"Estou do lado da história, não do museu de arte": relato da palestra de Heinz Schütz, Graziela Kunsch
relato da palestra de Heinz Schütz
Antes de começar este relato, acho pertinente apresentar o projeto de exposição que tem curadoria de Heinz Schütz, não referenciado em sua palestra. Este projeto se chama Performing the city: Actionist Art in the Urban Space 1960s and 1970s e está planejado para acontecer a partir de outubro de 2008, em Munique. Após Munique, a exposição deve percorrer as cidades Tóquio, Seul, Moscou, Viena, Lituânia, Praga, Berlim, Dusseldorf, Londres, Paris, São Paulo, Nova Iorque, Toronto e Cidade do México.
Performing the city tem três preocupações centrais: 1. Pensar a cidade como um espaço de ação; 2. Organizar uma documentação histórica; e 3. Contribuir com o debate atual sobre arte pública.

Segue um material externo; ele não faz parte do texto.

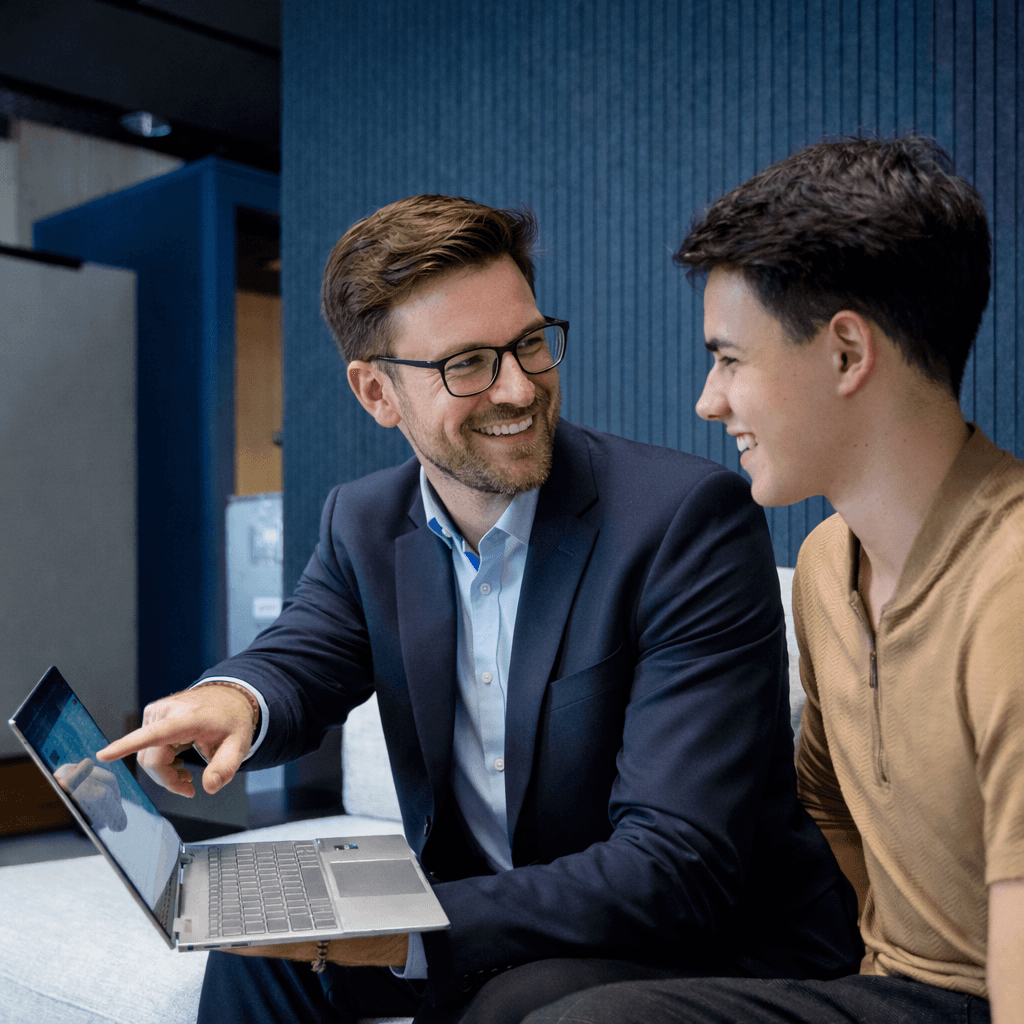 A young person with curly hair smiles at the camera while sitting in front of a laptop against a dark background.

As “ações urbanas”(1) dos anos 1960 e 1970 escolhidas por Schütz serão apresentadas em quinze grandes atlas – cada atlas referente a uma das cidades que vão acolher a exposição – com mapas, fotos e pequenos textos. Desta forma, Schütz pretende “evitar que fotos das performances estejam penduradas em paredes como obras de arte raras. Cada ação estará situada na cidade onde aconteceu; a fronteira entre arte e não arte será flutuante”. Mas além dos atlas a exposição ocupará espaços institucionais, com instalações de áudio e vídeo, uma programação de filmes e uma série de palestras.
A cidade como palco
Heinz Schütz falava rápido, a tradução tentava acompanhar, nós tentávamos acompanhar. Ele sorria muito ao comentar algumas performances dos anos 60 e 70 e, reiteradas vezes, afirmava que poderia ficar horas falando sobre este assunto.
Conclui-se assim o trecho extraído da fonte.